Num ambiente de contágio generalizado, de pandemia, o vírus (seja ele qual for) enfrenta inúmeras situações e, barreiras advindas do posicionamento das diversas sociedades com que entra em contato. As sociedades, mesmo que integradas globalmente, estabelecem estratégias nacionais, regionais e locais de combate ao vírus. Neste contexto é possível vislumbrar algumas estratégias de ação adotas pelos mais diversos governos mundo afora. A estratégia dos governantes da China e, da Coréia do Sul, entre outros países asiáticos, que imprimiram (e continuam a fazê-lo) rígidos controles estatais sobre a circulação dos indivíduos e, da dinâmica econômica como forma e controle da pandemia. A estratégia dos governos da União Europeia que agem a partir de um controle regulado, mas com certa flexibilidade no que concerne a circulação dos indivíduos e a dinâmica econômica. A estratégia negacionista do outrora governo Trump nos Estados Unidos, seguido pelo governo brasileiro e, que a despeito dos milhares de mortos continua demonstrando um absurdo descaso com a vida humana, com a vida dos brasileiros, assumindo neste contexto a caracterização de um governo genocida. Evidentemente existem outras estratégias governamentais em curso pelo mundo, mas para nosso intento analítico bastam as descritas.

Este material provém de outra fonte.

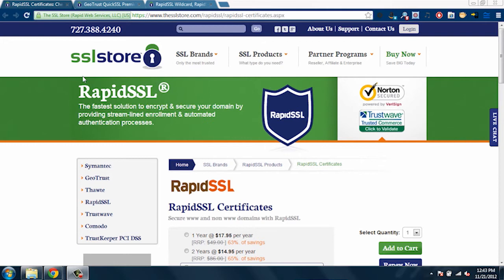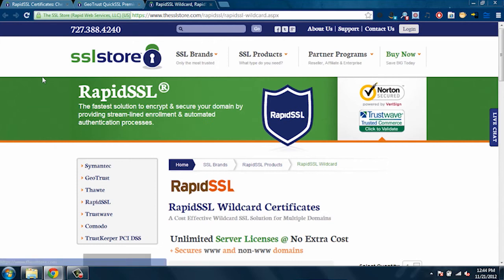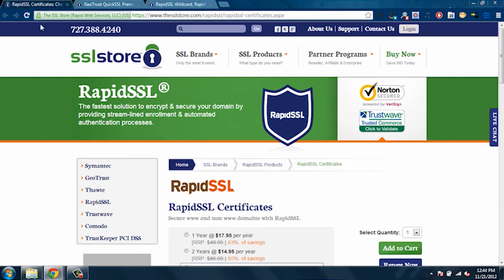The easiest way to obtain them is to go through sources like Rapid SSL, GeoTrust, and the SSL Store. These websites are pretty straightforward — they can walk you through the process of purchasing the SSL certificate. I recommend the Rapid SSL option; it is the cheapest option and it does offer the basic SSL certificate that you need for Facebook.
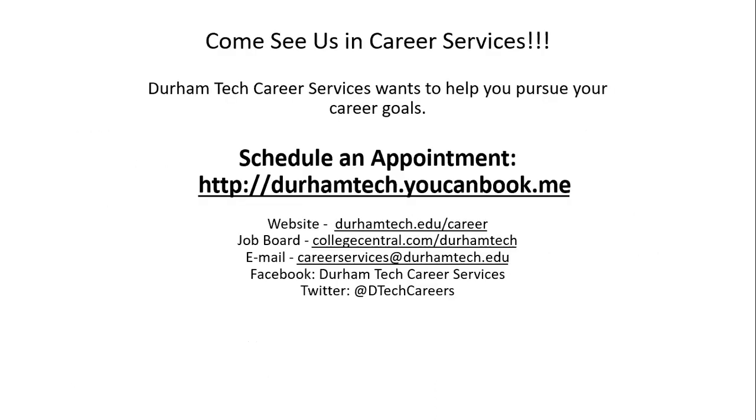That is a quick overview of how to find jobs and internships via College Central Network. We would love to see you in Career Services. If you have any questions or need any help navigating College Central Network, please feel free to schedule an appointment at durhamtech.youcanbook.me.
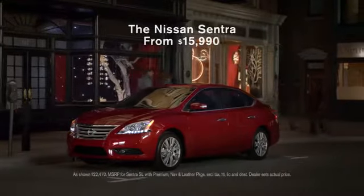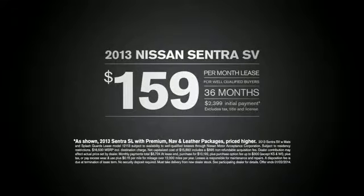Make a powerful first impression. The Nissan Sentra. Now get a $1.59 per month lease on a 2013 Nissan Sentra.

Os diversos posicionamentos governamentais acima revelam como cada uma dessas sociedades compreende a si mesma e, em contrapartida é compreendida, respeitada e amparada pelas suas instituições governamentais. O descaso do governo Trump com a pandemia, entre outras variáveis custou sua reeleição. Ou dito de outra forma, tais posicionamentos demonstram o grau de desenvolvimento social, político, cultural e institucional de um povo. No caso brasileiro, a pandemia e a respectiva ação governamental apenas reafirmam a forma grotesca e brutal das relações sociais, que se circunscrevem nos primórdios desta colônia de exploração inicialmente de domínio lusitano. Ou seja, não nos compreendemos como uma sociedade que compartilha o espaço público no qual se constituem e, se efetivam laços de confiança, de cooperação, de oportunidades, a partir das quais cada indivíduo possa demonstrar suas qualidades e potencialidades corroborando para o desenvolvimento humano e social a altura dos desafios do tempo presente.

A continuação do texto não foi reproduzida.